I now own a matching pair of six string Dean Edge basses one fretted
and one fretless, as shown above.
I also own an AXL Johnson Catalyst 6 string fretted bass as shown here.
However, this bass has now been converted to fretless by removing the frets.
The fret slots were then inlayed with wood, smoothed down, and the whole fingerboard was finally lacquered and polished - all done by my good friend and Luthier Harry Miller.
Obviously, the main difference between a fretted and fretless bass are the frets. But you have to be conscious where your finger is placed on these two styles of basses when playing them. On the fretted bass your finger can be placed anywhere between the frets, so the string, when pressed, passes over the next fret, and that determines the note. Conversely on a fretless bass, your finger needs to be positioned where the fret would normally be, as your finger in contact with the fingerboard determines the length of the string, and therefore the note. You also need to be accurate in the positioning on the string on the fingerboard, or the note can become sharp or flat, - even a slight rotation of the finger can create that.

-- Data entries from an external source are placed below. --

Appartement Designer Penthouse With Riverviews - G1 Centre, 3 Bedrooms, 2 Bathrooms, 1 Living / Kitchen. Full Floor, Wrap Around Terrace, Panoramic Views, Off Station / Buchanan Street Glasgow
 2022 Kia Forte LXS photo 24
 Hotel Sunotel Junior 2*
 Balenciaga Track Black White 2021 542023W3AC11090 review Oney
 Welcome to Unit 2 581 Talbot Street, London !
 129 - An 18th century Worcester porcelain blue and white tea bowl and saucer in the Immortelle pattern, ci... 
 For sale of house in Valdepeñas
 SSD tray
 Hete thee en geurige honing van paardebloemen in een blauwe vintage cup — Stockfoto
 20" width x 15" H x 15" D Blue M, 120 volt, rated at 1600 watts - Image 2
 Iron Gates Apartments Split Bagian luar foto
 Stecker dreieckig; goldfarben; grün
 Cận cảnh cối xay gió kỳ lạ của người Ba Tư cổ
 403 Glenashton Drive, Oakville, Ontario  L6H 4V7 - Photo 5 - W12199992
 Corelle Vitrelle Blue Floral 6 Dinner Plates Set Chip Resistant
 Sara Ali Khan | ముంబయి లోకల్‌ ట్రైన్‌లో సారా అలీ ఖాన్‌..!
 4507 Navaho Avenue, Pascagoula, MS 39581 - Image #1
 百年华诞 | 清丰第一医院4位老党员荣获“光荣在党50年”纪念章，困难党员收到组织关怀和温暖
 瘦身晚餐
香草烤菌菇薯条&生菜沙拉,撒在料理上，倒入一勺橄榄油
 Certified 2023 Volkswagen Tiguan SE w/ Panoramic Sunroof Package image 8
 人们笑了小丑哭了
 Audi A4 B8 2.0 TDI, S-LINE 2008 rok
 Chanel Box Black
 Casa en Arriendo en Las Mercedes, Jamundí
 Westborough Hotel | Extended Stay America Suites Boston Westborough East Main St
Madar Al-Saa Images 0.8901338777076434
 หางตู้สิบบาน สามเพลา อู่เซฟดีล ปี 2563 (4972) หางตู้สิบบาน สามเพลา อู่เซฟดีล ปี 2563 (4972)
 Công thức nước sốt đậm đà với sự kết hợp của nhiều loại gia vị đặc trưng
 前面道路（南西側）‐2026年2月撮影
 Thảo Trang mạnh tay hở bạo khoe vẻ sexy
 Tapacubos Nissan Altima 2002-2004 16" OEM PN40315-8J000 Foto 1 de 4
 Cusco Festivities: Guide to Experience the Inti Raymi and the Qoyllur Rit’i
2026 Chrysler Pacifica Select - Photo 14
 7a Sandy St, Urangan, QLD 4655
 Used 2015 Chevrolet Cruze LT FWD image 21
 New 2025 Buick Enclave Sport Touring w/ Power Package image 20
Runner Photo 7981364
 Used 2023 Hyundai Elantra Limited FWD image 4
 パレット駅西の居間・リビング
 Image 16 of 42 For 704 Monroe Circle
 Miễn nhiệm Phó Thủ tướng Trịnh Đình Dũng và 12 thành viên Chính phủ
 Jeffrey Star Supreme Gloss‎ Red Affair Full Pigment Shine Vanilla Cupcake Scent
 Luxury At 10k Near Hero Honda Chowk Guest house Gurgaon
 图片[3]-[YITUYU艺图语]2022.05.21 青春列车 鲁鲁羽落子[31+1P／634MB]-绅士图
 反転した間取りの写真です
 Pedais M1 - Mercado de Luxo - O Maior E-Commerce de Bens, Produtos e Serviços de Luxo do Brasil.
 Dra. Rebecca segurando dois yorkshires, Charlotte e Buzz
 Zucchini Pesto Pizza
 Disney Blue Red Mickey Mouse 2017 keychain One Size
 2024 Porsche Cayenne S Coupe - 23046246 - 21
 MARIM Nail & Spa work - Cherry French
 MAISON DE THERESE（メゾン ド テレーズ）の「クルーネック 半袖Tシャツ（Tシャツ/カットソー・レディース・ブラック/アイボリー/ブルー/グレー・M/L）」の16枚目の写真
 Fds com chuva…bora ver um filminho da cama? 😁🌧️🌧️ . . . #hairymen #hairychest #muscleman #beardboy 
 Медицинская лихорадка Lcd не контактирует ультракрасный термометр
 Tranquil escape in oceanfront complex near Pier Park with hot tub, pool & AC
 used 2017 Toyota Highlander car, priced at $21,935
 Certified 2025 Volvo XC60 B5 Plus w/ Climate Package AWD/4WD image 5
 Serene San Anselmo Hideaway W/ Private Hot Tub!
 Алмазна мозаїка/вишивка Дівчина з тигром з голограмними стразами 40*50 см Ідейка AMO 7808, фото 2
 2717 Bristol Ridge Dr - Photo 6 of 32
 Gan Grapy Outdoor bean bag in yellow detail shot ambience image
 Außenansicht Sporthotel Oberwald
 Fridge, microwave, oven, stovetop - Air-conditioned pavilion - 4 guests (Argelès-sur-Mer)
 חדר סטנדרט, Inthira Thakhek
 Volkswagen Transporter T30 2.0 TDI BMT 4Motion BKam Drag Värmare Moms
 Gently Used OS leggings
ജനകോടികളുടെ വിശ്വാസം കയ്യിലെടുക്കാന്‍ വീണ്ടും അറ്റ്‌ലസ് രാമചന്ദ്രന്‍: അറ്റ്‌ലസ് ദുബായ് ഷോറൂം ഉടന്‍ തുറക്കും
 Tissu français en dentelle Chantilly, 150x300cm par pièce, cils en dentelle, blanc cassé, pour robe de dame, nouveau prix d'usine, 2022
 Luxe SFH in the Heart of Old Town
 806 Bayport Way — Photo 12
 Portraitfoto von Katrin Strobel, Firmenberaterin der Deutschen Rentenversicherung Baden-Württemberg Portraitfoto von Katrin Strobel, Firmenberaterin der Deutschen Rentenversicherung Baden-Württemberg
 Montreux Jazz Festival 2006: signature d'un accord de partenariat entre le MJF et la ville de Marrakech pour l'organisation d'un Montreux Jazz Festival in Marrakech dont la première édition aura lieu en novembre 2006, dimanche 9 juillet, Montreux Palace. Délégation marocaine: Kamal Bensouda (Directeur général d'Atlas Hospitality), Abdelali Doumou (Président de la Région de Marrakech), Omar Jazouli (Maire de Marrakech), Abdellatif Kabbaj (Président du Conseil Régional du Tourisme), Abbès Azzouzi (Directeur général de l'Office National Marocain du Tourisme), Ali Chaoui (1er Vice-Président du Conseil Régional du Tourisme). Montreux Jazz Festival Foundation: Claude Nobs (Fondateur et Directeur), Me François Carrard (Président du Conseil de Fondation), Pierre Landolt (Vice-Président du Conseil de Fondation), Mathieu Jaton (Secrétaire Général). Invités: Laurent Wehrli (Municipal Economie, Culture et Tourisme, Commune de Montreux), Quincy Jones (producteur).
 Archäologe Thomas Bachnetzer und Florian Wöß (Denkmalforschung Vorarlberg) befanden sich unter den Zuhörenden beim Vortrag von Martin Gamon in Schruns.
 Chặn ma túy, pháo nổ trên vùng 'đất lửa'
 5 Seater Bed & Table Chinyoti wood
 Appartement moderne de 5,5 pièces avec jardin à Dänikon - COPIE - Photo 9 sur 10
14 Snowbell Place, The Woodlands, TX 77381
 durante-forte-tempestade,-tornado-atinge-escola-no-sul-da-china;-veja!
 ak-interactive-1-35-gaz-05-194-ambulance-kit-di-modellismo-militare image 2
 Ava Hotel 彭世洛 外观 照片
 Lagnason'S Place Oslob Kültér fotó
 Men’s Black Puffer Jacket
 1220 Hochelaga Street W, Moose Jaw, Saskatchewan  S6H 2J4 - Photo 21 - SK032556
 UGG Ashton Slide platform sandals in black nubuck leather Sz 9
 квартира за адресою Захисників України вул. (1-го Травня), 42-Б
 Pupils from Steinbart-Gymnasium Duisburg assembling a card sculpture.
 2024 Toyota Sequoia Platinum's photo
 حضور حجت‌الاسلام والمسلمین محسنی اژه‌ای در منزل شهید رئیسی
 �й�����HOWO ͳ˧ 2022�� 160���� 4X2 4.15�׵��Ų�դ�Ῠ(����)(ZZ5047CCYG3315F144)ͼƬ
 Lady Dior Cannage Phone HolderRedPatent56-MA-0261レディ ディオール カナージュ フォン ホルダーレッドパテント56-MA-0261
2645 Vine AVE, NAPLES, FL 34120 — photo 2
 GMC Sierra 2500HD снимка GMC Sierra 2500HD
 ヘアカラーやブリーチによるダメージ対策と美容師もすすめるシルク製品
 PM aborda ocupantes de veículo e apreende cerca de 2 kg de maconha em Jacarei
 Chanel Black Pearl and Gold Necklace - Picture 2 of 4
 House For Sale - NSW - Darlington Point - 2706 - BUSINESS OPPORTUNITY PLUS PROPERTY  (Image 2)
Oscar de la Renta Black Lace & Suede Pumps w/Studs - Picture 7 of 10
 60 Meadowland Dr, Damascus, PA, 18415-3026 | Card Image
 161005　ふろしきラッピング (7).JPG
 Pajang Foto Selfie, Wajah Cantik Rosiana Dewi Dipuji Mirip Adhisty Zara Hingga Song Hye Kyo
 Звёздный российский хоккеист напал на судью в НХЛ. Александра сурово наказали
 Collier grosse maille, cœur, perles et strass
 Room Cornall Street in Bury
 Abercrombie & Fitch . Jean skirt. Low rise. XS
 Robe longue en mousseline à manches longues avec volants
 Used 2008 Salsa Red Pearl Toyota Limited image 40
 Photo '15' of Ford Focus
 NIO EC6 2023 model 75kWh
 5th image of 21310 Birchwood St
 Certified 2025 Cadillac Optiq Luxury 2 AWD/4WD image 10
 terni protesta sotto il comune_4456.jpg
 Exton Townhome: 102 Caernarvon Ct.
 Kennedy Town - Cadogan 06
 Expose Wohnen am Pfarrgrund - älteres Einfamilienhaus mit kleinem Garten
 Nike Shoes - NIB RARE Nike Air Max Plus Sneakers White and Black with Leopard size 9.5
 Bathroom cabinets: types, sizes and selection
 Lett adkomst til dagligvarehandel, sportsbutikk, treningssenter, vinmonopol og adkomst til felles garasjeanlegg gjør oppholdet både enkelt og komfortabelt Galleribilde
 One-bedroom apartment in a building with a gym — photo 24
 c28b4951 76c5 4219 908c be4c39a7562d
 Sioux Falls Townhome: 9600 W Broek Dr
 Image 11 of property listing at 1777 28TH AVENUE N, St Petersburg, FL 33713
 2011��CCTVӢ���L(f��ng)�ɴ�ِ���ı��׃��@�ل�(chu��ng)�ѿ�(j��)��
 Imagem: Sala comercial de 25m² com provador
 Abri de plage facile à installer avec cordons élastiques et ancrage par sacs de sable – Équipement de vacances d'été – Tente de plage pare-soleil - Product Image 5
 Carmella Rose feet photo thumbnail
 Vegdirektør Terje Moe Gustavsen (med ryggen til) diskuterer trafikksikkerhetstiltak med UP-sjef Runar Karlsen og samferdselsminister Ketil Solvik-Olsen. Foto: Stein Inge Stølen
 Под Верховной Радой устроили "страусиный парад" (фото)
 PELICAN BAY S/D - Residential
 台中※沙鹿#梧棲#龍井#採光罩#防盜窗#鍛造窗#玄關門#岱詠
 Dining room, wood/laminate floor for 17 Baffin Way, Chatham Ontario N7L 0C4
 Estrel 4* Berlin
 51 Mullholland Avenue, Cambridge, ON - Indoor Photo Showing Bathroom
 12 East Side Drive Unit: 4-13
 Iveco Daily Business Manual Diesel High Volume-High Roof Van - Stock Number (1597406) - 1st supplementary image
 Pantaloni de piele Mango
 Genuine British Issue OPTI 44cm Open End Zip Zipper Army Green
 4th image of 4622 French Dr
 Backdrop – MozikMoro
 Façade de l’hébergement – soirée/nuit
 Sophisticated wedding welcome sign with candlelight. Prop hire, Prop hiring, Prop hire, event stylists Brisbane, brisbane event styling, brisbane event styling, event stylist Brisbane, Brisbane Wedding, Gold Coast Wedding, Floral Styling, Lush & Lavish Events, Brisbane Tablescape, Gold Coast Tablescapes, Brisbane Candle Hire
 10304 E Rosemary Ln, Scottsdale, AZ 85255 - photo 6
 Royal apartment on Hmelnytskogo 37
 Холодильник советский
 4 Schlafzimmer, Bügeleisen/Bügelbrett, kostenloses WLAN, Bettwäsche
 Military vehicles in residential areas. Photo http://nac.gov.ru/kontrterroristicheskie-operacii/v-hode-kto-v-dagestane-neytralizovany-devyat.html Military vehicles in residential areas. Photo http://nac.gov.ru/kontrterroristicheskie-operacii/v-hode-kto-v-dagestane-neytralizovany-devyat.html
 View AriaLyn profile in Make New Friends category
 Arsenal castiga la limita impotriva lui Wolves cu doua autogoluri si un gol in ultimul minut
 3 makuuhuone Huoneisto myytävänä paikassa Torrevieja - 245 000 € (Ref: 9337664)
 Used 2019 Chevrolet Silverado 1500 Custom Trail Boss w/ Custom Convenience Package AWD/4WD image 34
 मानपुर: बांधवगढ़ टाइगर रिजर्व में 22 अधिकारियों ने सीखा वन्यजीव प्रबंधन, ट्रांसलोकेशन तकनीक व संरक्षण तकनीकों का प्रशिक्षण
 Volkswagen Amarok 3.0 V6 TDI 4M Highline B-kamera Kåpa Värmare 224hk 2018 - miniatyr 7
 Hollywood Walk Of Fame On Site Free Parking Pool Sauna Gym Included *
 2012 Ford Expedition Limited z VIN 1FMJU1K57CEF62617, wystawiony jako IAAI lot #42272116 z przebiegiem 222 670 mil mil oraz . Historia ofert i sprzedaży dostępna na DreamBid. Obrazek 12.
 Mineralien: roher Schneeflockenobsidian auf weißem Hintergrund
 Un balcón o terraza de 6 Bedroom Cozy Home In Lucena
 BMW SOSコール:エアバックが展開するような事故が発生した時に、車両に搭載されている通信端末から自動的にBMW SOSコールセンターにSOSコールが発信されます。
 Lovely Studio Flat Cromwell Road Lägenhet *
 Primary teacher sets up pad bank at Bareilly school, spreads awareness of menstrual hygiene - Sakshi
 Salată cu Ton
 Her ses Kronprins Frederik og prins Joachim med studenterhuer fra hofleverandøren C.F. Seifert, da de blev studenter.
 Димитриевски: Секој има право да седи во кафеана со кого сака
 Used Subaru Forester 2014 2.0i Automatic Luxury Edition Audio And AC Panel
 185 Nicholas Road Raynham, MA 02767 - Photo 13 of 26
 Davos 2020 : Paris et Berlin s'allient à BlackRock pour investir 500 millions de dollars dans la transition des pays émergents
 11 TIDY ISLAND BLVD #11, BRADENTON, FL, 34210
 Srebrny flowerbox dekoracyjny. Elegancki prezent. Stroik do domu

However, the main issue is to get the fingers to feel and recognise the differing widths between the strings of a four-string bass, and the strings of a six-string bass. This in time becomes automatic (and is what is termed muscle-memory) as your fingers get used to it. You can see in the bass guitar example images below the fingerboard width, and the differing spacing between the strings, and although it doesn’t look much, it still makes quite a difference when playing. If I were to pick up a four-string bass, being so used to a six-string version, I probably would tend to 'miss-finger' a few of the strings here and there, until I got used to the wider spacing once again.